Clearly, he’s always been in touch with his animalistic side. His muscular figure exudes a Spartan air that makes clothes all but pointless. And like those warriors of antiquity, he wields his primal strength with something akin to balletic grace. There is control and poise to his power, whether he’s dancing or tenderly humping a refrigerator. The well-toned bubble butt is, perhaps, the fundament of this physical magnetism, which he uses to fill characters with taut vigor and pansexual frenzy. Meloni’s ass is ready to explode out of his jeans the same way he blows up scenes as a human powder keg.
The appeal of this bodacious behind is delicately balanced between the athletic prowess it takes to maintain and its seemingly effortless, natural form — Meloni as both jock and idealized sculpture.

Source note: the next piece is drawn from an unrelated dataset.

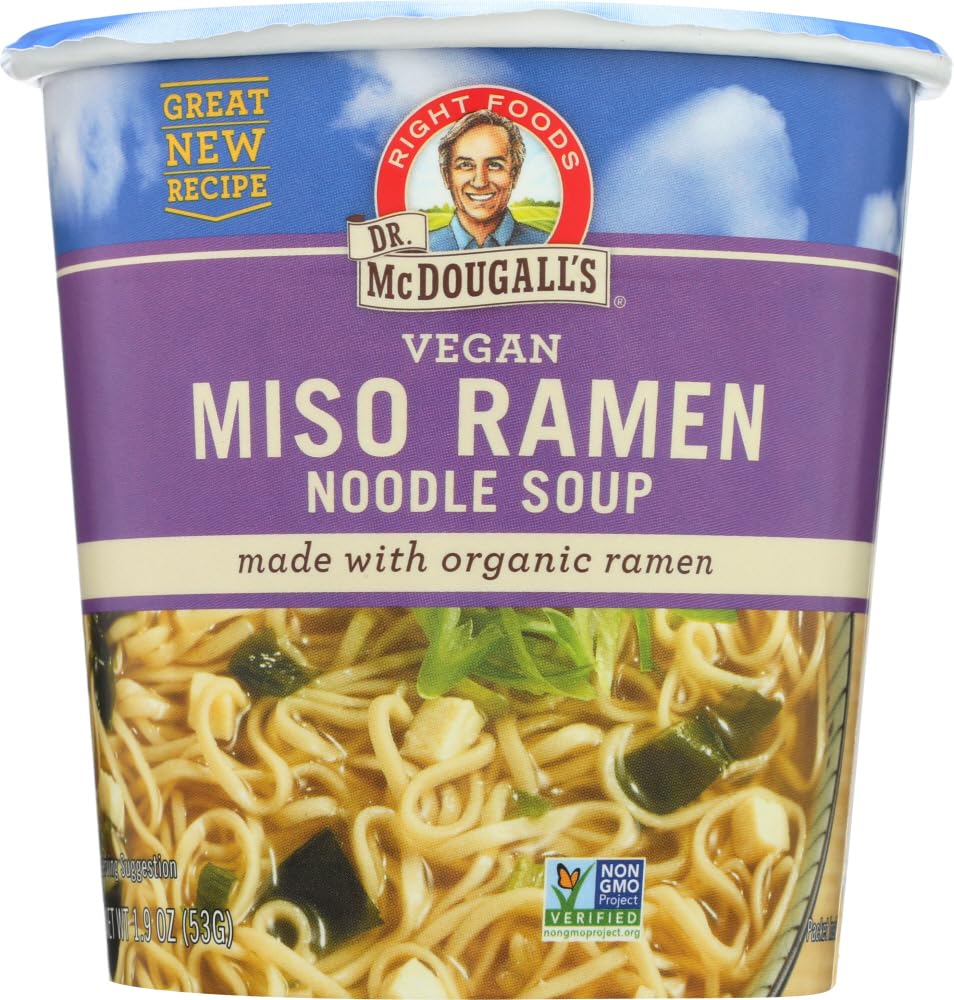 DR MCDOUGALLS (Pack Of 24) Dr Mcdougalls Soup Bgcup Miso 1.9 Oz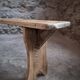 Ensemble de deux bancs vintage en bois de peuplier, 1920–1950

Victoria, my pal who can’t stop staring at the thing, says, “It’s like someone took the idea for a Perfect Ass and synthesized it in a lab.” Others echo this claim to platonic greatness: “It’s just… so nice,” says Connor. “It’s just so perfect you want to bite it,” Andrew says. “Two perfect scoops of vanilla ice cream as served by god,” Jameson declares. Rachel shares this celestial view, having once tweeted: “Chris Meloni’s ass is why I get up in the morning.”

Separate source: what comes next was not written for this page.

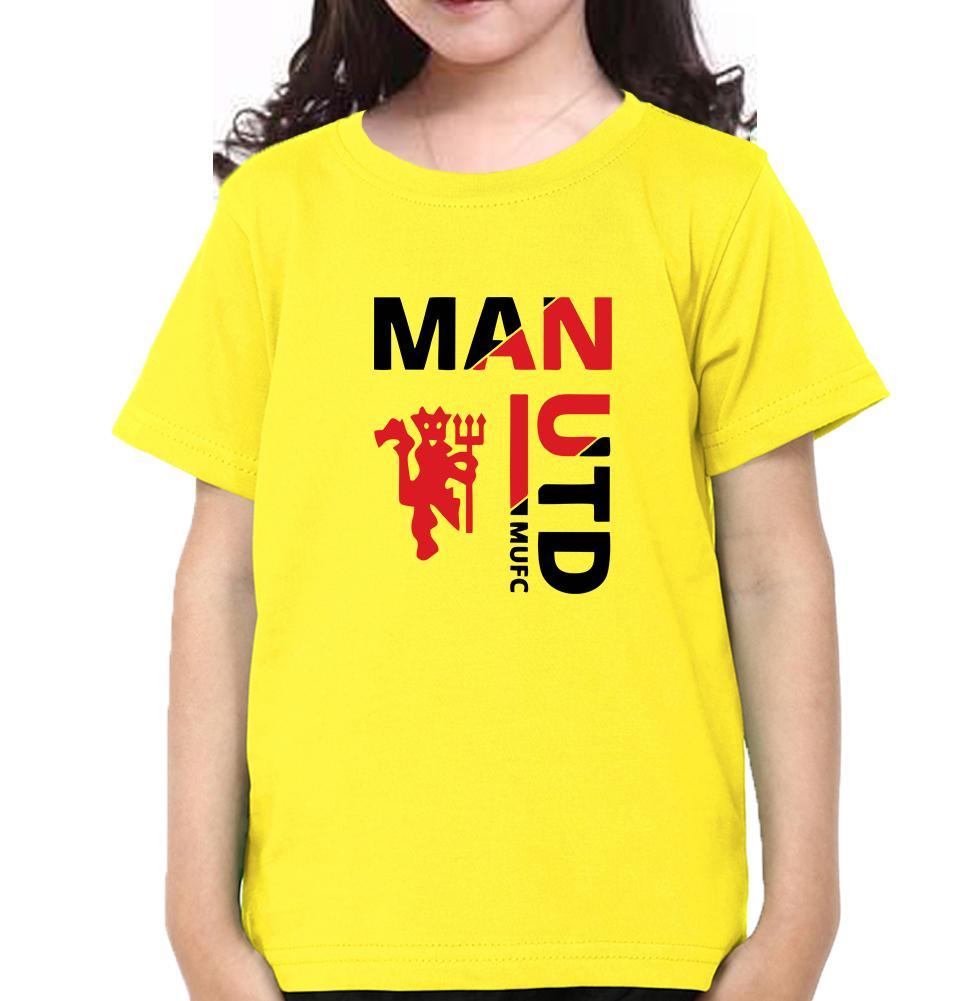 Manchester United Half Sleeves T-Shirt For Girls -FunkyTeesClub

But a 23-year-old male friend in Ottawa, who prefers to remain anonymous, has an appreciation grounded in anatomy. “Literally the only thing that kept teenage me watching Oz from beginning to end” was Meloni’s thicc booty, he tells me. It’s “big, but not disproportionate,” he says, and “very functional — he looks great when he (used to) post kickboxing stuff on Instagram.”
He’s not alone in valuing the ability of the ass as much as its shape. The oldest Meloni bum-thirst I could find is a clip from 1st & Ten, a 1984 to 1991 HBO sitcom about the fictional football team the California Bulls, labeled “Chris Meloni Football Ass.” (In real life, Meloni was captain and quarterback of his 1978 high school team, storied in the hometown for going undefeated.)
Surely, there’s no wrong way to adore Meloni’s greatest asset. Though if we’re in near-universal agreement regarding its allure (only a single acquaintance of mine voiced some dissent, saying he prefers butts that are smaller, darker and less hairy), it’s probably because of how his career has aligned with the evolution of the male body in pop media. He was goofy, daring and uninhibited enough to give us all the juicy caboose we didn’t realize we were missing, to become the principal subject of a multiplying but communal gaze: You are transfixed regardless of gender and orientation, either with lust in your heart or just scientific curiosity. That his curvy glutes made him a simultaneous sex symbol for gay teens growing up on Oz and moms addicted to SVU sums it up — this ass is a party that goes all night, and everyone is invited.
So thank you, king, for showing us the virtuous path to posterior bliss. May your return to the role of Elliot Stabler in a Law & Order spinoff be the most butt-forward project on your list of credits to date.
Yeah, the bigshot producer’s name is “Dick,” but we know who the real star is.